How do you get from a vector of partial derivatives to a scalar?

30 Views Asked by At

I am teaching myself ai / machine learning without libraries

I understand most of the derivative of the softmax activation function

if I have 3 nodes in a layer

then the softmax activation equation becomes

e^x_i / sigma e^x_i

and its derivative returns a vector of partial derivatives that can be described as

node 1 = {e^x_1(1 - e^x_1), e^x_1(0 - e^x_2), e^x_1(0 - e^x_3)}

node 2 = {e^x_2(0 - e^x_1), e^x_2(1 - e^x_2), e^x_2(0 - e^x_3)}

node 3 = {e^x_3(0 - e^x_1), e^x_3(0 - e^x_2), e^x_3(1 - e^x_3)}

which is a real result described by the equation

softmaxActivation(i) * (kroneker - softmaxActivation(j))

which means in a layer that contains 3 nodes. each node will have a derivative make up of 3 partial derivatives

how do I get that back to a scalar?
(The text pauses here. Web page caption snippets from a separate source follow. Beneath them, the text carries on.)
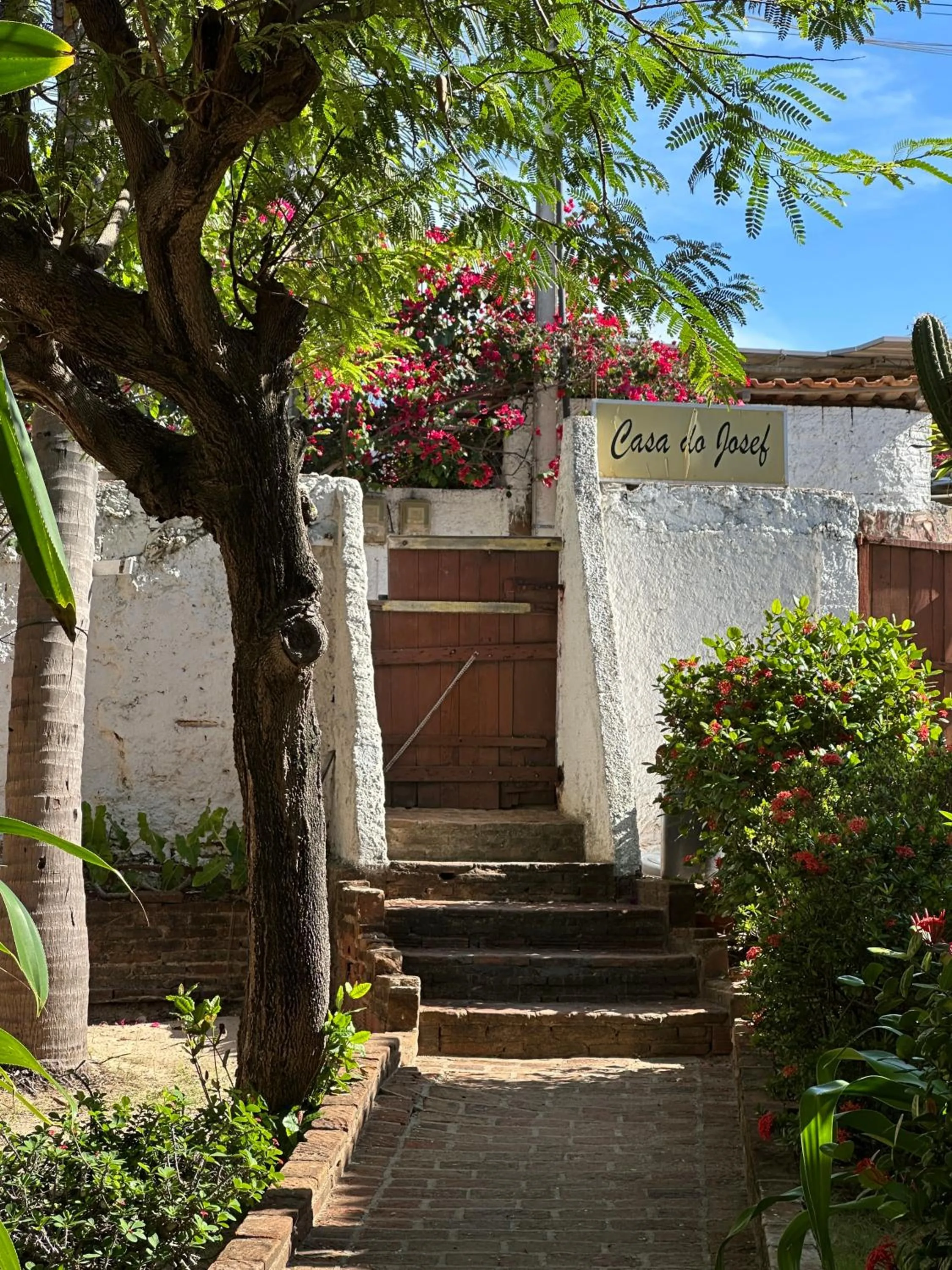 Pousada Casa do Josef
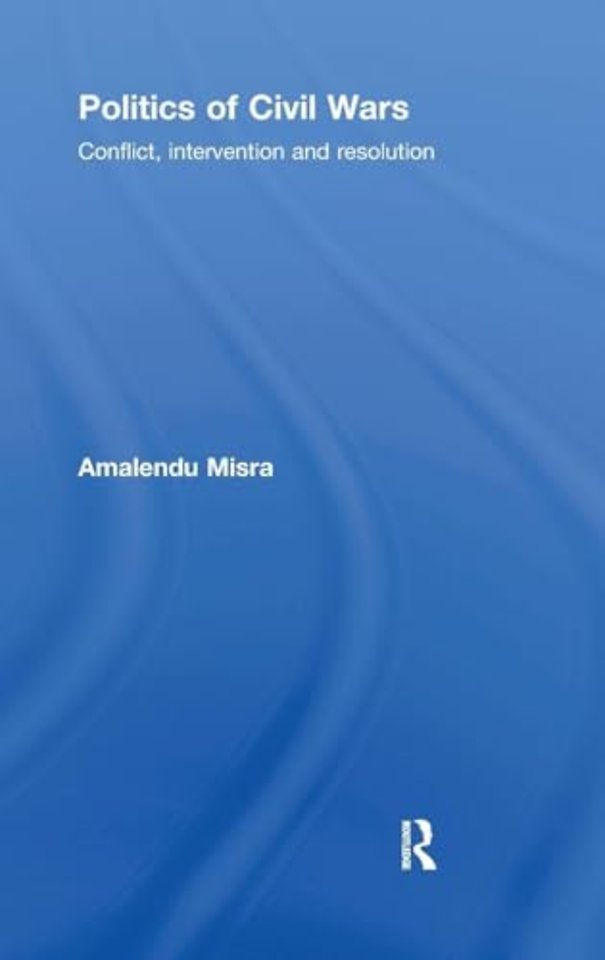 Politics of Civil Wars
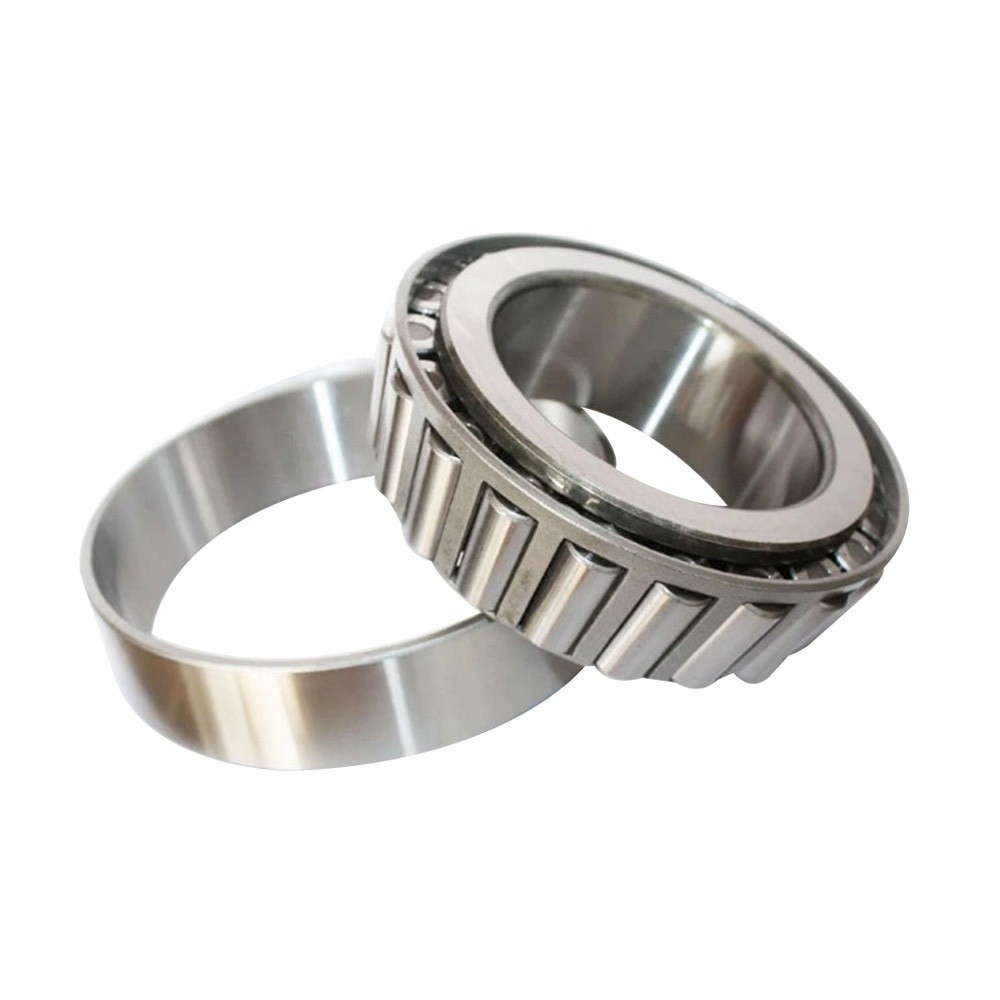 China Tapered Roller Bearing Manufacturers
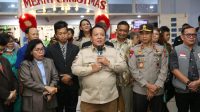 Gubernur Pastikan Perayaan Natal Aman dan Nyaman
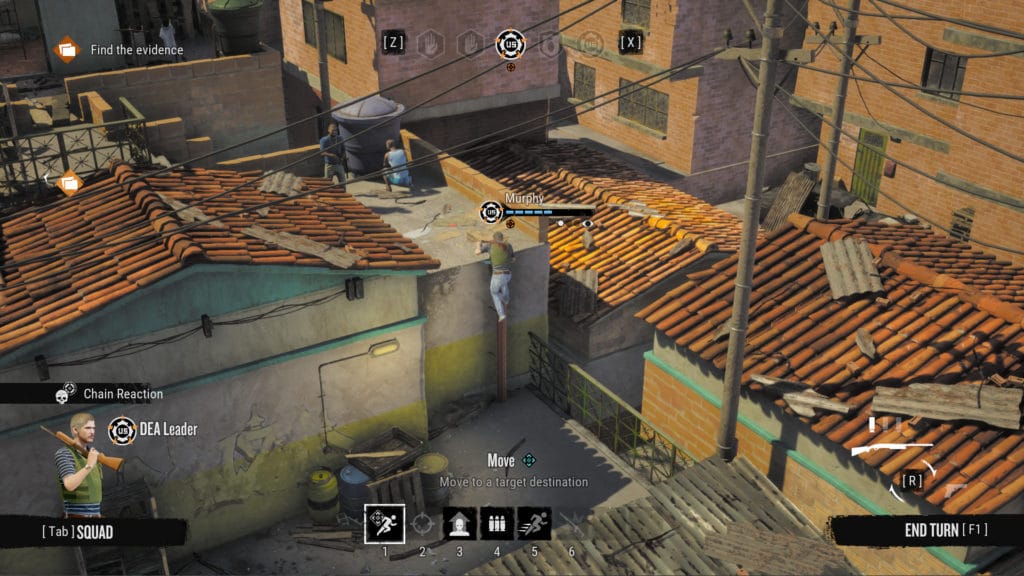 Narcos: Rise of the Cartels Narcos: Rise of the Cartels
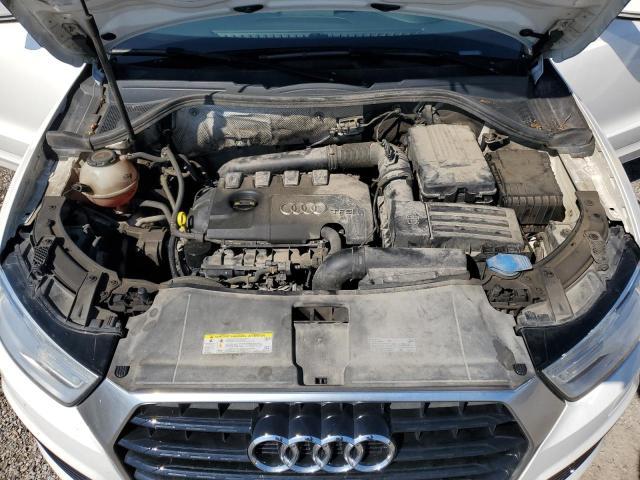 Photo 11 VIN: WA1JCCFS1JR006886 - AUDI Q3 PREMIUM 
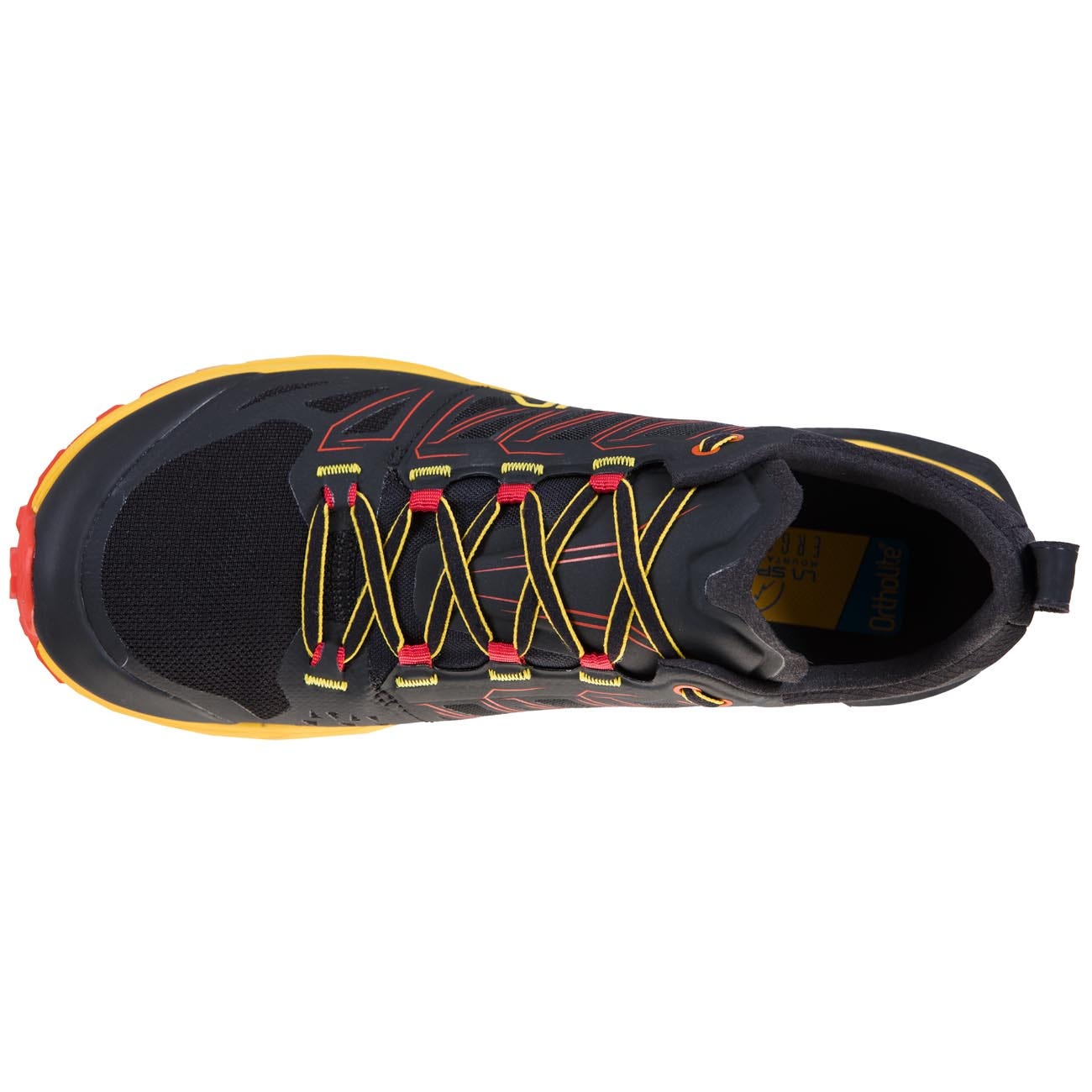 Jackal Shoes Man | BOTËGHES LAGAZOI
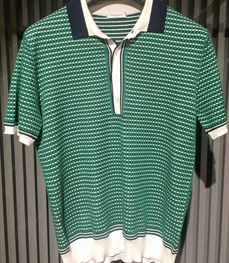 市场上装-毛衫-（实拍）时尚商务毛衫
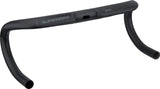 DEDA STEERING BENT Superzero DCR POB 40 cm (B-B)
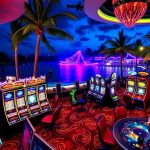 agen judi bandar slot online terbaik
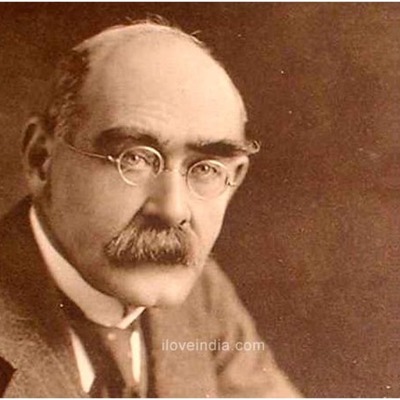 Timeline: Rudyard Kipling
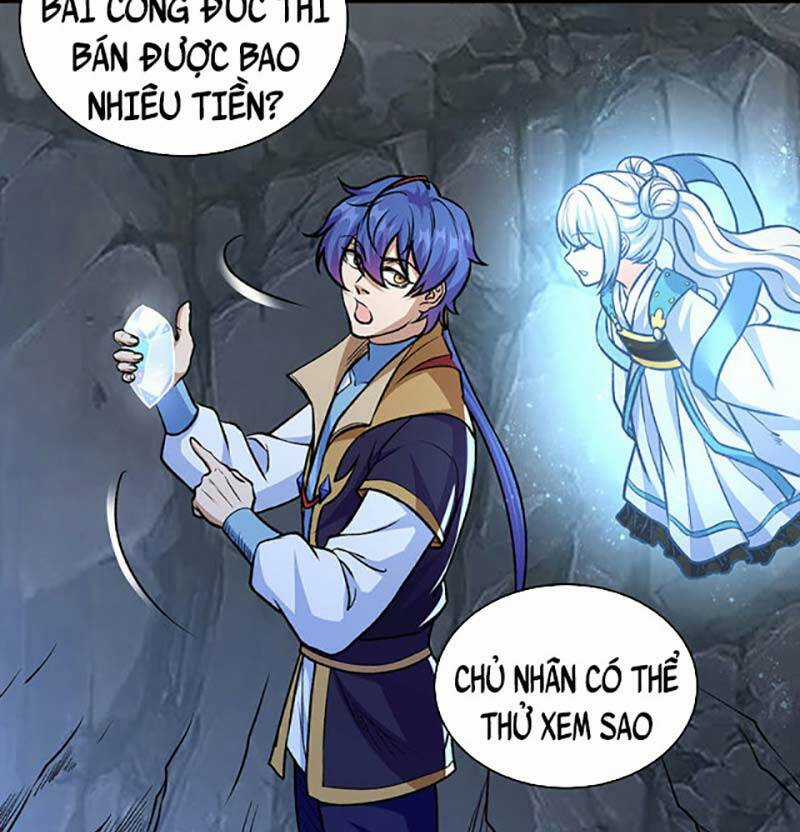 Võ Đạo Độc Tôn - Chapter 490 - Trang 33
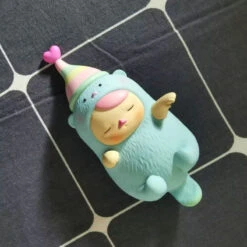 PUCKY Sea Otter Babies Blue Limited Edition -Cheap Pop Mart Store 4 745eb16a c962 476e 8e64 161a66bd39dd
Is it true that i need a scalar for backpropagation? can I use the directional derivative ( a new concept to me ) - which can be described as gradient * vector

or in a slightly more tangible description directional vector for node 1 = ((e^x_1(1 - e^x_1)) * e^x_1 + (e^x_1(0 - e^x_2) + e^x_2) + (e^x_1(0 - e^x_3 + e^x_3)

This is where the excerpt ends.